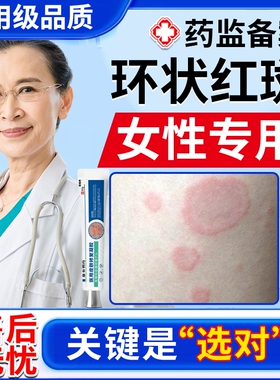 离心性环形状红斑湿疹体癣肉芽肿狼疮多形接触性丘疹药房同款膏BS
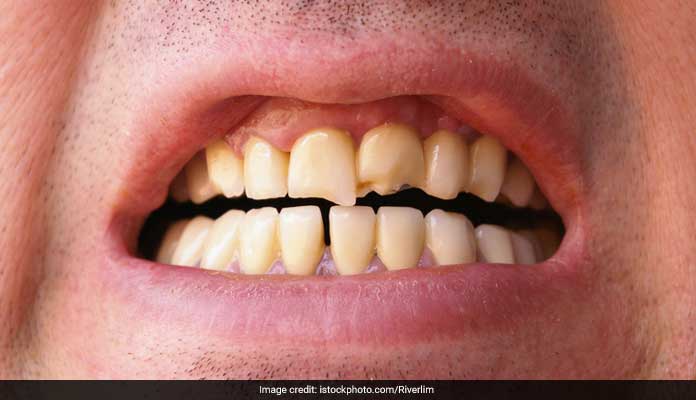 How To Get Rid Of Yellow Teeth: रातों-रात पीले दांतों को सफेद करने के 5 आसान और प्राकृतिक तरीके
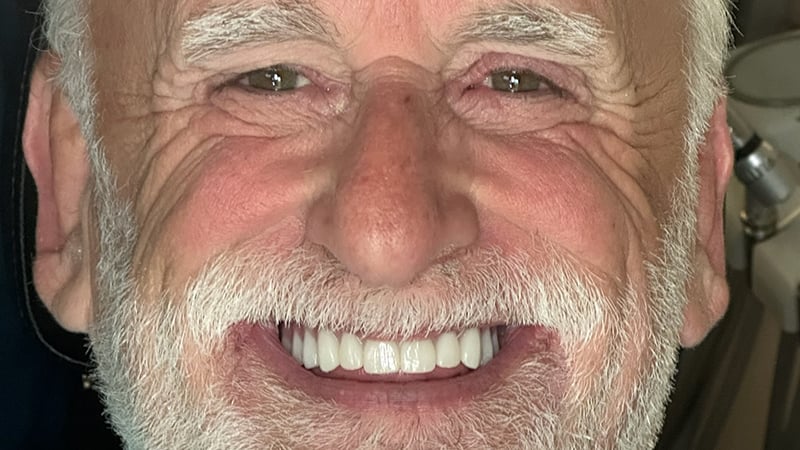 After full mouth reconstruction case 2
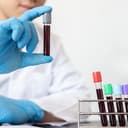 Lab Tests for PCOS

..............................

• What is being asked: Output the span from the line with "After full mouth reconstruction case 2" through the last line of the data, inclusive and exact, and omit every picture.

• Expected answer:
 After full mouth reconstruction case 2
 Lab Tests for PCOS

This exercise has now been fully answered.